Hi all, sorry this is a long one. Not told anyone in real life about this.

After a long time trying to get my husband to talk about some of the issues we have had, and a longer time processing some of the trauma I experienced from his actions, I have come to the conclusion it is unsustainable and unhealthy for me to remain with him. I will not go into too much detail, but the pertinent facts are:

We have a 2 year old child.

We do not own a home yet. The majority of our savings for a house deposit are mine - his are about £9k, mine just under £16k. We are supposed to be looking for somewhere to buy this year. We are currently private renting.

I am not in work. I quit my job during mat leave partially due to poor mental health (due to abuse) and partially because I wanted to be a SAHM and save on childcare costs. I now realise this was stupid, as although I love being with my child, I have depleted my non-house deposit savings in full, and frequently hit my overdraft (although I am making an effort to be extremely frugal now in order to build up a small reserve).

I have no friends close enough to confide in and no nearby support network.

I receive child benefit, (some) UC and other related benefits into my named bank account. He has no access to this.
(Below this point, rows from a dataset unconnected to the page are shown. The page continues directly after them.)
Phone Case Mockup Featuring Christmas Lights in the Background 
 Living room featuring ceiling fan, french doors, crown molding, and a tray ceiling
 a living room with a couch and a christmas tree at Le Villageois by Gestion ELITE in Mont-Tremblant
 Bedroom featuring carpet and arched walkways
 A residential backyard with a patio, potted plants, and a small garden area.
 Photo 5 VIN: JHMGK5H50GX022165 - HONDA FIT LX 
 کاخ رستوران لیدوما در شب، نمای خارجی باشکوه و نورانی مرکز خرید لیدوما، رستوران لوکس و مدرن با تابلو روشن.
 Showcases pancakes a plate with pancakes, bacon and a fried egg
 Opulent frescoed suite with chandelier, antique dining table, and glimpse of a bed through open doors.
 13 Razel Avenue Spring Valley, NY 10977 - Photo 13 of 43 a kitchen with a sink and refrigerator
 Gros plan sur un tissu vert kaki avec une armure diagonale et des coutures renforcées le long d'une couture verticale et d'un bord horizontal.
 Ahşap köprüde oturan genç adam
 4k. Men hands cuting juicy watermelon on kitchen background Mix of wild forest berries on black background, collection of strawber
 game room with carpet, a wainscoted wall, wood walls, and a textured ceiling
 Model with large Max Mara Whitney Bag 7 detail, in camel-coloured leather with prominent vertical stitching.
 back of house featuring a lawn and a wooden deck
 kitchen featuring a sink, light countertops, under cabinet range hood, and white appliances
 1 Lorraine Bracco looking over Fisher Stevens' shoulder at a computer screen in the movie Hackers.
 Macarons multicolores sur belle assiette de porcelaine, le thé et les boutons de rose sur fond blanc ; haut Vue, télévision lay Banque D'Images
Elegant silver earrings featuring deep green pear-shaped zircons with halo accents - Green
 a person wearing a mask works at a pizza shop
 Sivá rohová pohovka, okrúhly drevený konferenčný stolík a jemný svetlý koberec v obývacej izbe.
We have a joint bank account. This is intended to be used by me to buy groceries as we have a fairly 'traditional' relationship in that I cook, clean and look after the house and child. He deposits about £300 into this after he gets paid for me to pay for groceries, which to be honest is often not quite enough and I have to dip into my own cash/credit card anyway.

He pays all bills, council tax and rent from his salary and his own bank account. When I was working, some years ago, I paid 40% and he 60% rent, as I earned substantially less than him. He is in a public sector mid-level salary and highly stable permanent role and is very unlikely to ever lose or quit his job. Hence my being able to leave work, although things are very tight, and we have few luxuries ie no holidays or car.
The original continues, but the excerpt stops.